In the absence of gatekeepers–such as newspaper and magazine editors, publishers, and the like–who used to control the flow of information by restricting access to the means of production and dissemination, Godin argues we have to become our own content “curators.”
Yet, where Godin places the responsibility squarely on the reader to engage in a meaningful way with longer-form content, some are stepping into the “curator” niche created by user demand for shorter, more concise communication. The website tldrlegal.com, for example, uses crowdsourcing to provide explanations of “software licenses in plain English,” for everything from Dropbox toTrueCrypt.
Posting: Group 1
Commenting: Group 2
For this blog post, consider how digital communication media have changed not just how we compose, but also how we receive and process content. Think about whether and how the roles and responsibilities of content creators and content audiences may have evolved or may need to evolve in order to adapt to the new rhetorical context created by digital media. Use the questions below (or similar ones you create) as starting places when you craft your post:
- Do readers have a responsibility to engage with longer content? If so, when and under what circumstances?

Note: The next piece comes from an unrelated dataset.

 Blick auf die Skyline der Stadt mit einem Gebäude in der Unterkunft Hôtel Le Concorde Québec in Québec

- Does a content creator ignore significant aspects of the rhetorical situation when she crafts online content that risks a tl;dr response? Are there circumstances in which longer-form communication is still necessary, even in online contexts?
- What are some rhetorical strategies that one can use to promote user engagement with longer-form content online, hopefully to avoid a tl;dr response?

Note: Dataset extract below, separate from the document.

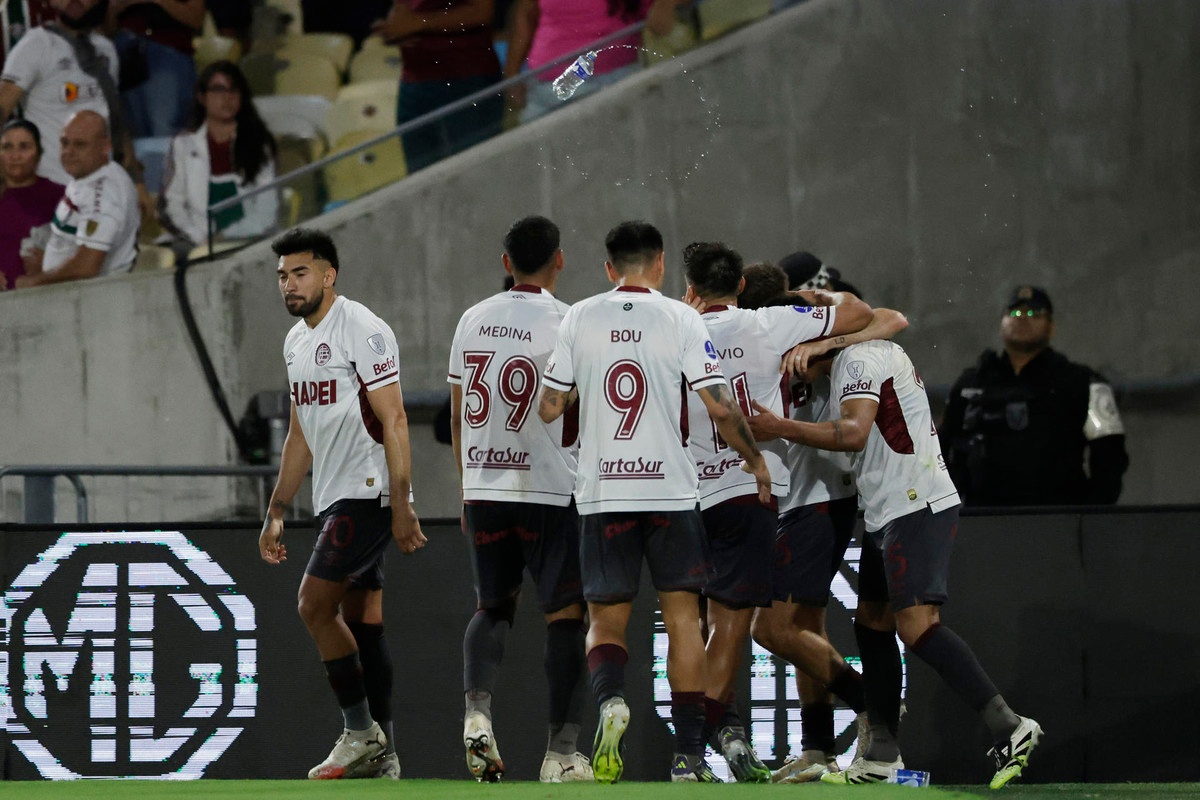 Lanús elimina a Tucumán a 8 días de la final de la Sudamericana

In thinking about the relative responsibilities of creators and users in online rhetorical contexts, and how to optimize online communication, locate examples–both good and bad–to help illustrate your points about what works and what doesn’t. Use these examples a springboard for discussion; don’t just drop them in at the end.
In your Blog #9 post, you need to take a focused position about how understanding online rhetorical contexts can assist you in your technical communication process, rather than taking a scattered approach (which would happen if you simply wrote a few sentences in response to each question). Please carefully read and follow the guidelines and posting information for this blog. You can quote from additional articles you read as support for your position. You should include specific workplace examples to further support your argument. Make sure to document your sources, either by linking to them or including them in a bibliography at the end of your post.
Featured Image “Short Attention Span Hopscotch” by Janet Lackey on Flickr.
One thought on “Blog #9: tl;dr–Coping With Communication Overload”
Hey, Grace! I don’t know if you did this creepypasta post on purpose for Halloween, but it really worked and I love it! Wiles’ quote, “These days, instead of the campfire, we are gathered around the flickering light of our computer monitors,” is cleverly written and undoubtedly true. Your point that the type of genre used to express thoughts, ideas, and information is an agreeable one. When it comes to blog post entries, I usually associate “blog” with easy-readings and a chance for the author to fully express his/her emotions. In other words, I prefer to read blogs over other genres, such as textbooks. Also, as I have mentioned in another blog post, I think that length does not play into our attention spans as much as the styles of the writings do. As you said, “[t]he most successful creepypastas[…]are the lengthier ones.” I think that it is all about engaging your audience by relating to their interest (in your case, scary stories) and using more than one modality to keep readers involved. For instance, photos and videos are convincing ways to get your point across while engaging readers. Overall, you made valid points on why the uses of nontraditional formats and multimodal integrations are significant factors for appealing to audiences regardless of the length of the writing. Thanks for sharing!